WASHINGTON: Gordon Sondland, President Donald Trump’s emissary to the European Union, had a message when he met with a top Ukrainian official.
Sondland said vital US military assistance to Ukraine might be freed up if the country’s top prosecutor “would go to the mike and announce that he was opening the Burisma investigation,” a US official told lawmakers. Burisma is the gas company in Ukraine where Democrat Joe Biden’s son Hunter served on the board.
Sondland relayed the exchange moments later to Tim Morrison, then a National Security Council aide. In his private testimony to impeachment investigators made public Saturday, Morrison recounted that Sondland also told him he was discussing the Ukraine matters directly with Trump.
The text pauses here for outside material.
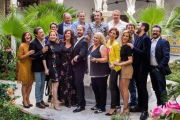 El reparto al completo de 'Allí abajo', durante una pausa del rodaje, este miércoles en Sevilla.-MANU TRILLO / ATRESMEDIA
Morrison’s testimony ties Trump more closely to the central charge from Democrats pursuing impeachment: that Trump held up US military aid to Ukraine in exchange for investigations into Democrats and Biden’s family. Morrison’s testimony also contradicts much of what Sondland told congressional investigators during his own closed-door deposition, which the ambassador later amended.
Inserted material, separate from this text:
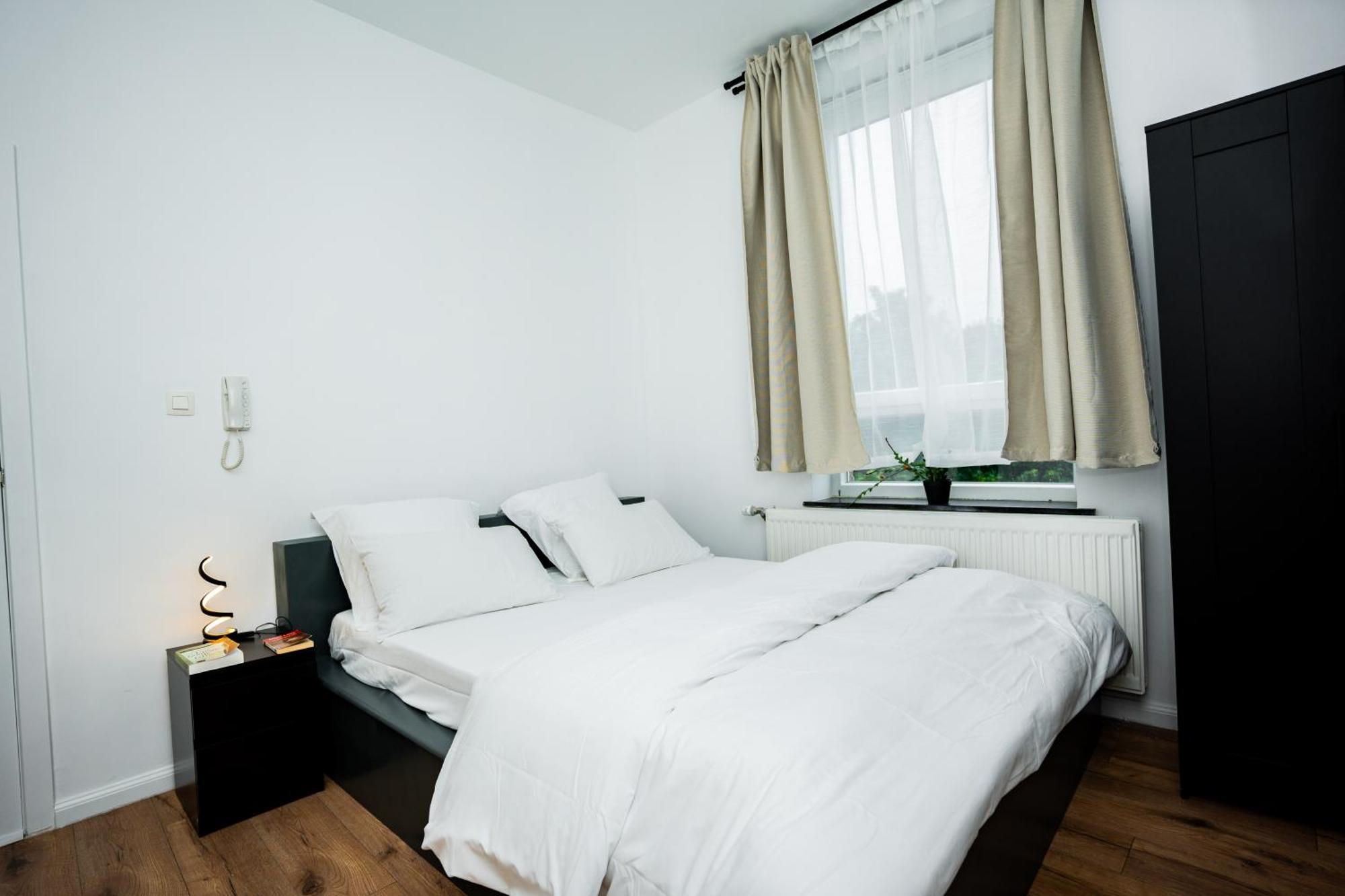 Chambre R1 Avec Salle De Bain Partagee Pres De L'Hopital De La Citadelle A Liege Exterior photo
Both Morrison and Sondland are scheduled to testify publicly next week as part of the historic, high-stakes impeachment proceedings into the nation’s 45th president. Democrats charge that Trump abused his office for personal political gain, while the president and his allies argue that the process is politically motivated and that nothing in the testimony so far meets the bar for impeachment.
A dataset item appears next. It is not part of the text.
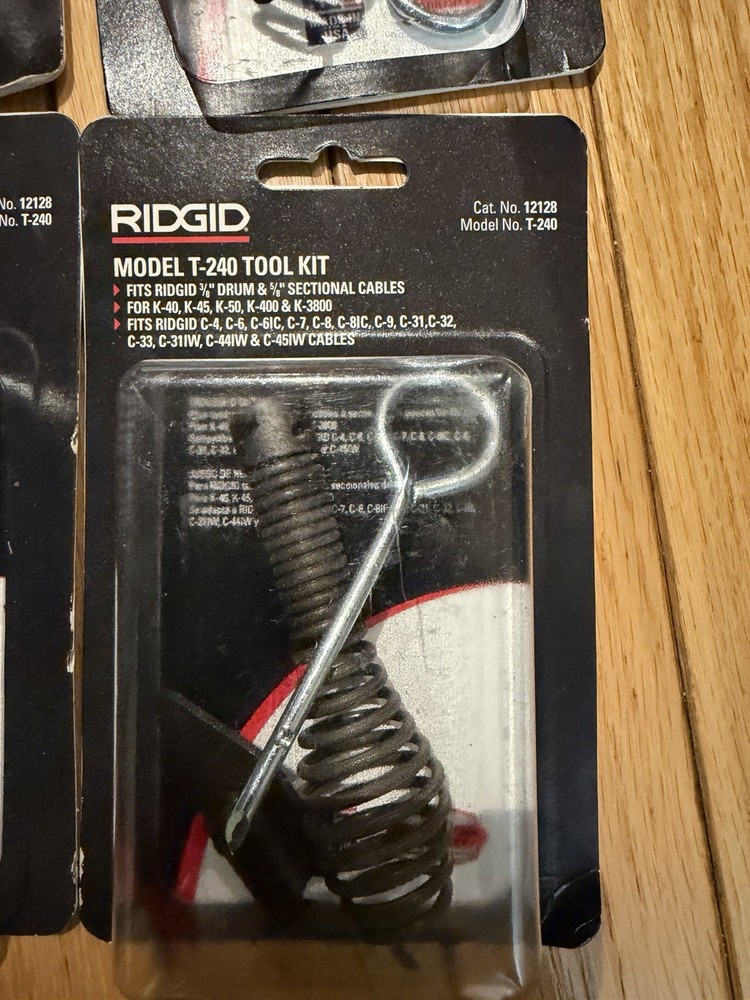 9 RIDGID T-240 TOOL KIT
Transcripts from the closed-door testimony from Morrison, a longtime Republican defense hawk in Washington, and Jennifer Williams, a special adviser to Vice President Mike Pence on Russia and Europe, were released Saturday as investigators accelerated and deepened the probe. They provided another window into the alarm within the government over Ukraine pressure.
Immediately after the exchange with Sondland during an international gathering in Warsaw, Morrison called his boss, John Bolton, then Trump’s national security adviser.
“Stay out of it,” Bolton told him, “brief the lawyers.”
For Morrison, Burisma was a catch-all for a “bucket” of investigations — of Democrats and the family of Joe Biden — that he wanted to “stay away from.” They had nothing to do with “the proper policy process that I was involved in on Ukraine,” he testified.
Morrison said Sondland and Trump had spoken approximately five times between July 15 and Sept. 11 — the weeks that $391 million in US assistance was withheld from Ukraine before it was released.
While some, including Trump himself, have begun to question Sondland’s knowledge of events, Morrison told House investigators the ambassador “related to me he was acting — he was discussing these matters with the President.”
Pressed by Rep. Adam Schiff, the Democratic chairman of the Intelligence Committee leading the probe, as to whether Sondland had actually spoken to the president, Morrison said he had verified it each time.
Pence, so far, has been a more unseen figure in the impeachment inquiry, but testimony from Williams raised fresh questions about what Pence knew about Trump’s actions toward Ukraine.
Pence was also at the Warsaw gathering. For the new government of Ukraine, situated between NATO allies and Russia, the security aid Congress had already approved was a lifeline to the West.
Williams was among the staffers in the White House Situation Room who listened and took notes during Trump’s July 25 call when he asked Ukraine President Volodymyr Zelenskiy for “a favor.” A whistleblower’s complaint about that call helped spark the House impeachment investigation.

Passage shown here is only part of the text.